PAP applies only to undergraduate students in their first year of tertiary study in New Zealand, or postgraduate coursework students in their first semester or two quarters of tertiary study in New Zealand. This is because students at the start of their university studies in New Zealand may still be learning about the principles of academic integrity and the expected conventions and practices of academic work. Students in later years of study in the New Zealand system will have had the opportunity to familiarise themselves with these principles and conventions and occasions to practise them.
Identifying poor academic practice
PAP is determined, in the first instance, by the course director or academic unit/faculty Academic Integrity Adviser (AIA).
In determining whether the incident is Poor Academic Practice, staff should check:
[for UG students] whether the student is in their first year of tertiary study in New Zealand
[for PG coursework students] whether the student is in their first semester or two quarters of PG study in New Zealand.
Note: To determine whether a student is eligible for Poor Academic Practice their record should be checked in Student Services Online (CS9). Discretion may be used where a student is enrolled part-time or re-enrolled after a long absence from study.

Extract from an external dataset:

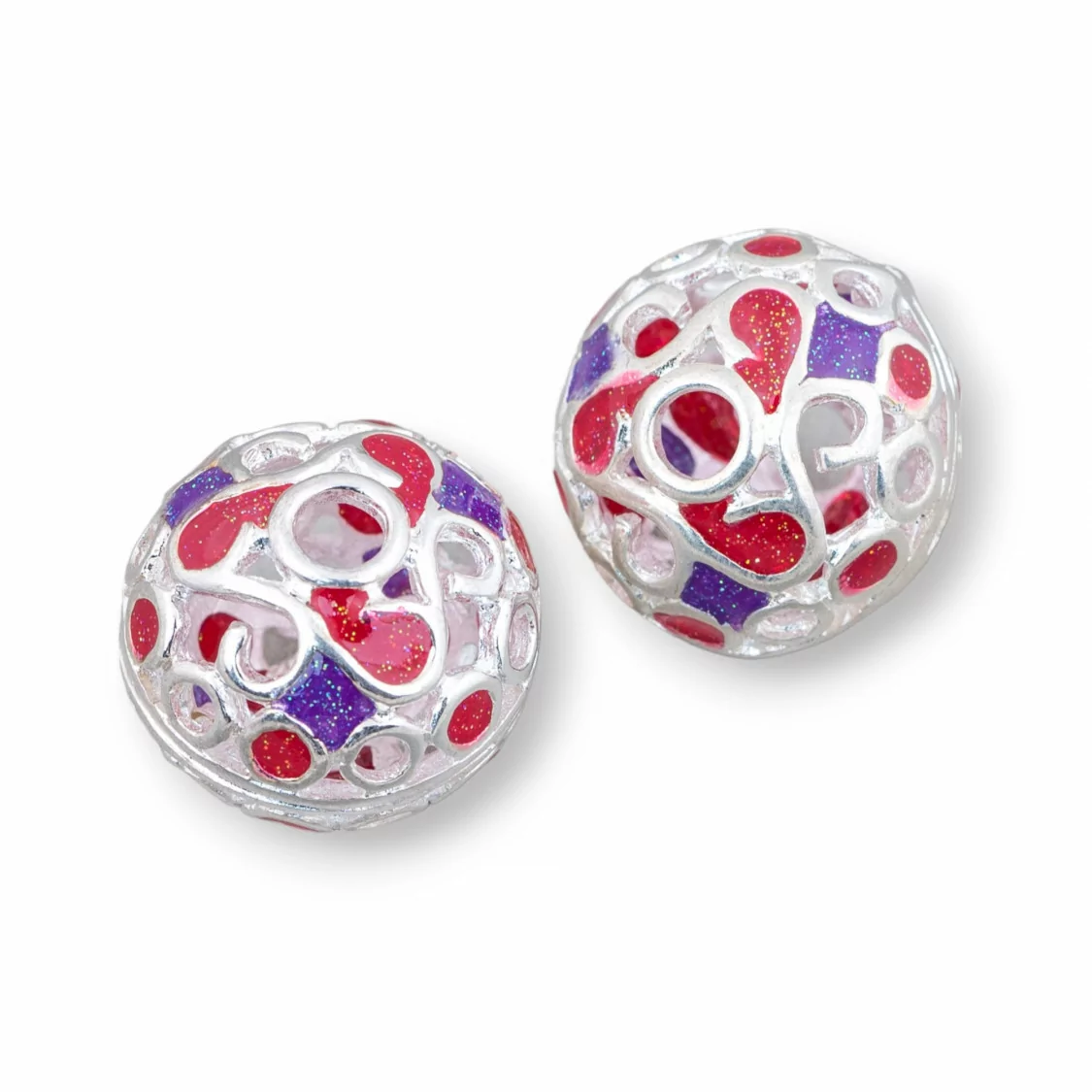 Componente Connettore Perline Di Ottone Smaltato Sfera 19x16mm 6pz Argentato Rosso E Viola-PERLINE SMALTATE | Worldofjewel.com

The following matters must also be considered:
- was the breach minor with respect to the overall impact of the breach on the academic integrity of the work? Minor breaches will usually be related to poor referencing or paraphrasing practices. If the breach is not minor with respect to the overall integrity of the work, it may be that the incident should be categorised as ‘minor academic misconduct’ and the breaches of academic integrity process should be followed.
- the likelihood that the breach is the result of a deliberately dishonest act
- whether the student has a prior record of academic integrity breach or academic misconduct. If the student has a prior academic misconduct record in the Academic Integrity Management System they are not eligible for PAP and the process for minor and major academic misconduct should be followed. A student can have more than one PAP, but only if they are for different incidents, e.g. one for plagiarism and one for collaboration.
- the legitimate interests of others
- the interests and reputation of the University
If the course director or AIA considers the incident to qualify as PAP the process for Poor Academic Practice must be followed.
Notifying the student
Following a breach of academic integrity, the Course Director and/or Academic Integrity Adviser are encouraged to inform students of the allegation via email, and then interview them about suspected PAP or misconduct. An email template and guidance on how to conduct interviews can be found on the Breaches of Academic Integrity website.
Processing the case
All PAP cases must be reported using the Academic Integrity Breach Reporting Form. This feeds the breach into the Academic Integrity Management System (AIMS), where all breaches of academic integrity are managed centrally by the Academic Quality Office.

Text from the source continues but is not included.